Thanks for the compliments! 

That pic was taken about 50 feet away from my current roof. 

Yeah, that's my headphones and mic/stand.


----------



## DesertRat (Aug 7, 2014)

Listen up! 

Interview with Matt going down at 1900 hours PST tonight. 

Questions or comments? Post em up!


----------



## Cree (Aug 7, 2014)

Got a few... Does Matt collect lint from his belly button? Is it true that Matt is so smart that he knows the unknown soldier's mother's maiden name? kidding aside, Just want you to ask Matt who his hero/inspiration is? Rat, by chance i can't listen tonight, i can d/l it later? I think i saw that on your webpage?


----------



## DesertRat (Aug 7, 2014)

Cree said:


> Got a few... Does Matt collect lint from his belly button? Is it true that Matt is so smart that he knows the unknown soldier's mother's maiden name? kidding aside, Just want you to ask Matt who his hero/inspiration is? Rat, by chance i can't listen tonight, i can d/l it later? I think i saw that on your webpage?



Actually, nobody can listen tonight, as this interview will be prerecorded. Would have preferred to do a live interview on Sunday, but his schedule doesn't agree with that.

Yes, definitely the show will be available for download a day or two after the show.


----------



## DesertRat (Aug 9, 2014)

Okay folks, the interview with Matt last night was fucking awesome! 

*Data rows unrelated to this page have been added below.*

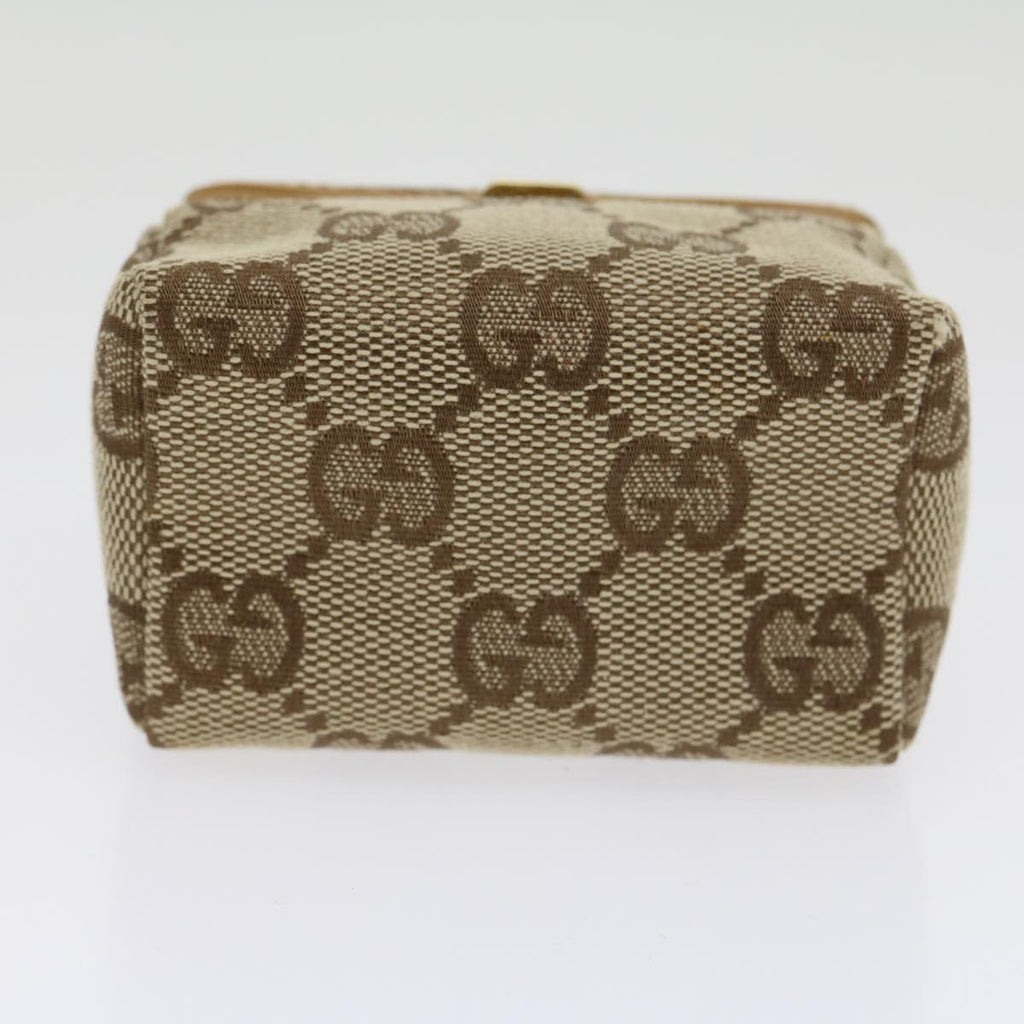 GUCCI GG Canvas Pouch Beige ac929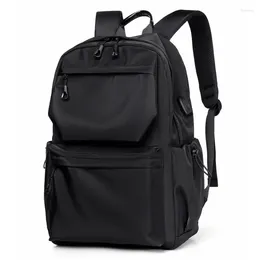 Rucksack CEAVNI Große Kapazität Tragbare Student Mode Einfach Für Männer Business Computer Tasche Mit USB Port Wasserdicht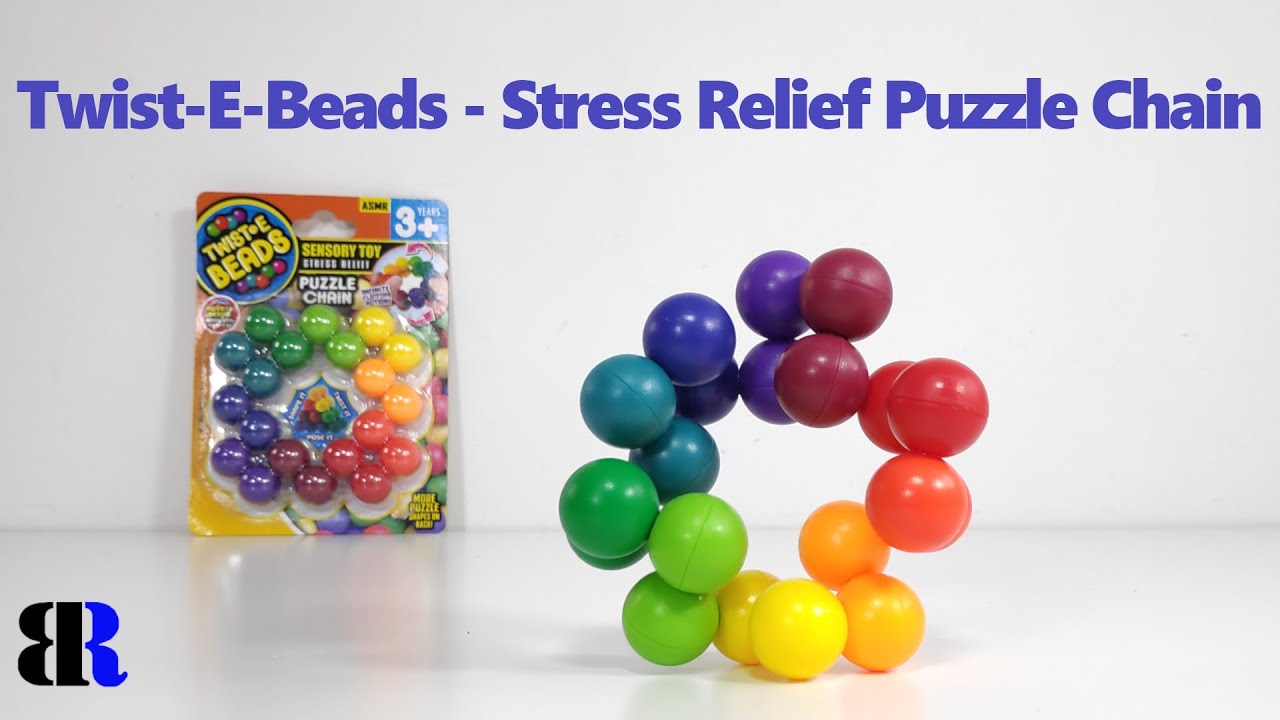 Twist E Beads - Sensory Toy - Stress Relief - Puzzle Chain Unbox + Play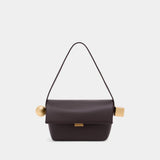 Le Rond Carré - Jacquemus - Leather - Brown
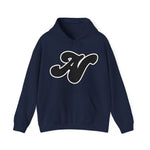 Alota Note$ Garmentry Black Lettermark x Wordmark Unisex Heavy Blend™ Hooded Sweatshirt (13 colors)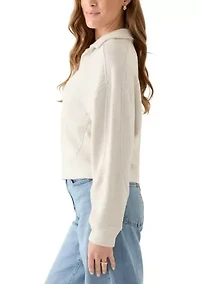 Women's Knit Johnny Collar Sweater
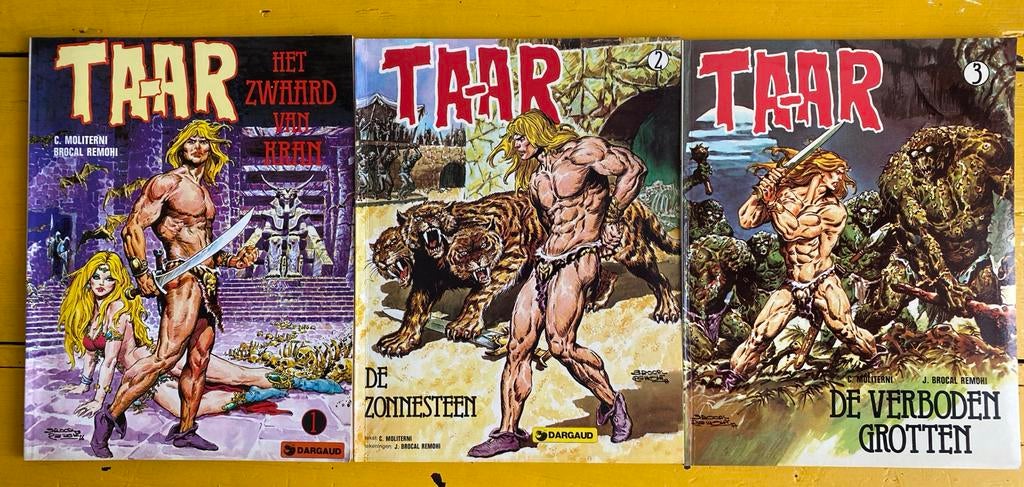 Ta-ar stripboeken - Dargaud 3 albums, Meerdere stripboeken, Ophalen of Verzenden, Gelezen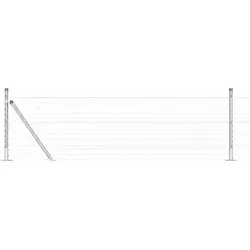 vidaXL Zaun mit Pfosten Silber 0,4 x 25 m Stahl - Gartenzäune aus hochwertigem, pulverbeschichtetem Stahl, wetterbeständig und langlebig, ideal für die sichere Abgrenzung von Gärten und Terrassen.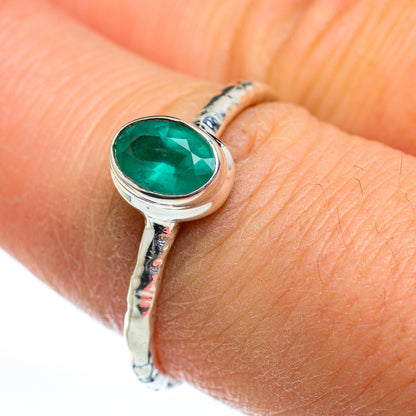 Zambian Emerald Rings handcrafted by Ana Silver Co - RING46847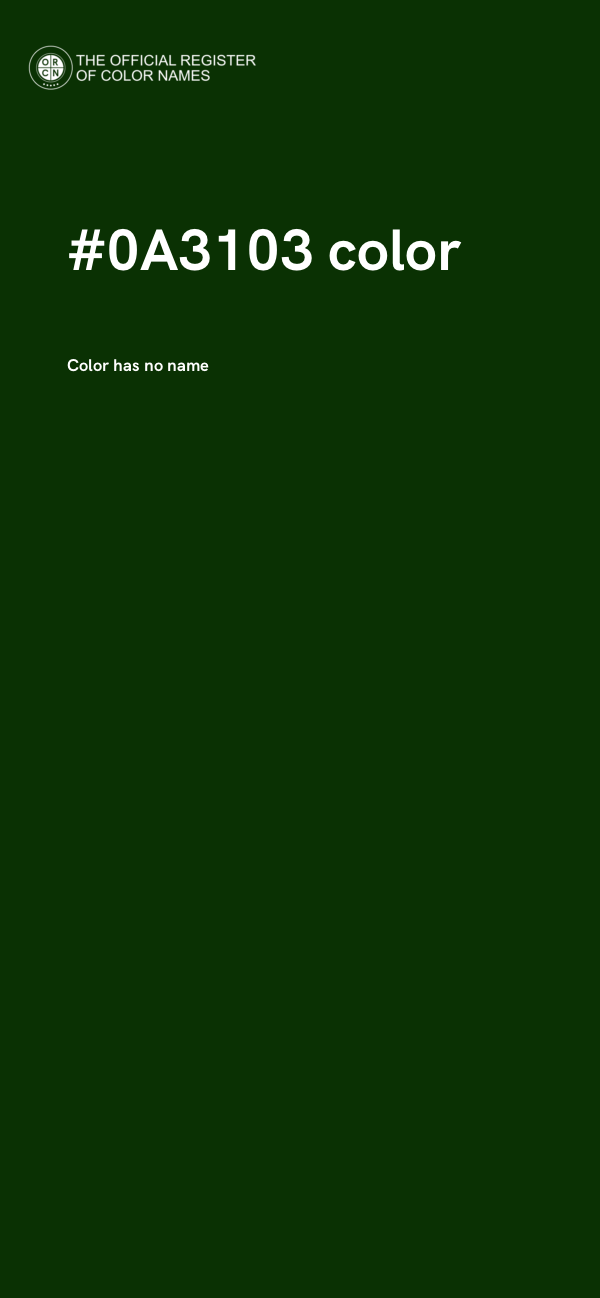 #0A3103 color image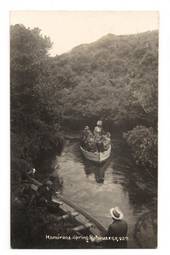 Real Photograph by Radcliffe of Hamurana Spring Rotorua. - 45958 - Postcard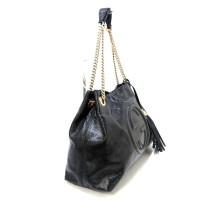 Gucci Soho Tote Bag aus Leder in Schwarz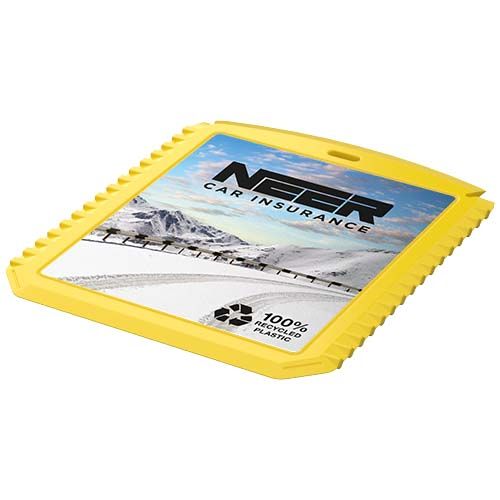 Rascador de hielo rectangular de plástico reciclado 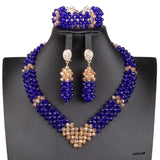 Nigerian Crystal Beads Necklace Set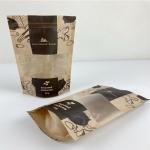 Digital Printed Stand Up Pouch Kraft Paper Smell Proof Bags Food Packaging Doypack With Window for sale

In spite of the time mark mentioned in the broadcast, it's only about 47 or so minutes, but every minute is worth listening to.

To help fill in some of the missing time (it's _supposed to be_ an hour, more or less), I'll be throwing in an old, OLD song in the beginning as an extra shout out to those who just can't stay in one place (read as, damn near every one of us on this site).

If you can't catch the show this Sunday night, I'll post up a link here Monday or Tuesday where you can listen to it, or even download it if you like.


----------



## DesertRat (Aug 10, 2014)

Hey! Tonight's the night. 8 p.m. PST is the time. 

If you have the means, please help support Matt by going to www.tmvcafe.com, clicking on "radio", and hanging out for a few.

If you can't do that, it's totally understandable. There will be a couple of ways to check out the episode most likely around 10 p.m., and they will be at www.tr-radio.com.


----------



## DesertRat (Aug 11, 2014)

Yo! Interview is up! Check it out at the link I put in the post above this. It'll be plainly obvious which one it is.


----------



## Cree (Aug 11, 2014)

Rat

Still cracking up about the interview hahahaha. KUDOS , excellent job by you! I will be a listener till i take my last breath. excellent job by MD also , Wild Bill rules!!!!


----------



## DesertRat (Aug 11, 2014)

Thanks so much for the kudos, Cree! 

My only hope was to do MD and the community justice.

Hopefully that was the end result.


----------



## Matt Derrick (Aug 16, 2014)

sounds great man, thanks!!!


----------



## DesertRat (Aug 16, 2014)

Glad you like it!


----------



## DesertRat (Sep 1, 2014)

Craig:

PM sent.


----------